Q: I'm an investing novice and considering buying shares of Medtronic mdt. Is that a good first stock to buy?
A: When shopping for a first bicycle, you might look for fat tires, a low center of gravity and training wheels. Similarly, a long surfboard with more buoyancy might make for an excellent first board.
But a first stock? That's a little trickier because it depends mainly on you. Are you 80 years old, retired, on a fixed income and extremely risk intolerant? If that's the case, you might think about an exchange-traded fund (ETF) that owns Treasuries or other safe bonds. But if you're a 20-year-old attorney, making tons of money, getting job offers for even better jobs daily, you can afford to be more daring with your money and might consider a risky stock with more upside.
Also, what's your goal for your first stock? Do you want to buy something you can hold for a long time and watch it grow? Or, are you hoping to learn how to be a day trader and dart in and out of stocks hoping to make fast money?
Not knowing your stage in life, appetite for risk and objective for owning stocks, I'm not sure how to answer your question precisely. But what I can do is put the stock through the four steps we use to evaluate stocks so you can see if it fits what you're looking for.
As you probably already know, Medtronic is a leading maker of medical devices. That broad theme is interesting because it plays into the aging population. Also, health care can often be defensive during bad times because people don't forego critical medical treatment even if the economy is weak.
But, let's give this stock the complete workup:
Step 1: Risk vs. reward. When you take a risk on a stock, you want to make sure you're properly rewarded. Downloading Medtronic's trading history back to 1980, we see the company generated an average annual compound rate of return of 18.4%, including the current dividend yield of 1.4%. That is a healthy return if you consider the S&P 500 has posted a roughly 12.1% annualized return over the same time period, says IFA.com.
But to beat the S&P 500, you accepted high risk — standard deviation — of 40 percentage points. That's 170% greater than S&P 500's risk during the period. So to get a 52% higher return you accepted 170% higher risk. That's really not a great deal — and the tradeoff is something you want to be aware of when buying your first stock.

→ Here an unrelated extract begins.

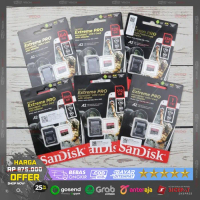 Memory Card MicroSD 32GB - 1TB | Sandisk Extreme GOLD A2 | 170 Mb/s !!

Step 2: Measure the stock's discounted cash flow. Some investors decide if a stock is pricey by comparing its current price to the present value of its expected cash flows. It's a complicated analysis made simple with a system from NewConstructs. When we run Medtronic's stock, we find it's rated "attractive." In other words, the current stock price is much less than what the company is expected to generate in cash over its lifetime. Using this analysis, it would appear Medtronic is worth a chance.
Transparent Value, another online service that uses discounted cash flow analysis, provides additional information. Transparent Value measures how likely it is for a company to achieve the business milestones necessarily to justify its stock price. This analysis comes to a very different conclusion than NewConstructs, saying Medtronic only has a 25% chance of reaching the goals investors have for it. Step 2 is mixed, showing that two respected methodologies take very different views of the same stock. That's not a bad lesson to learn.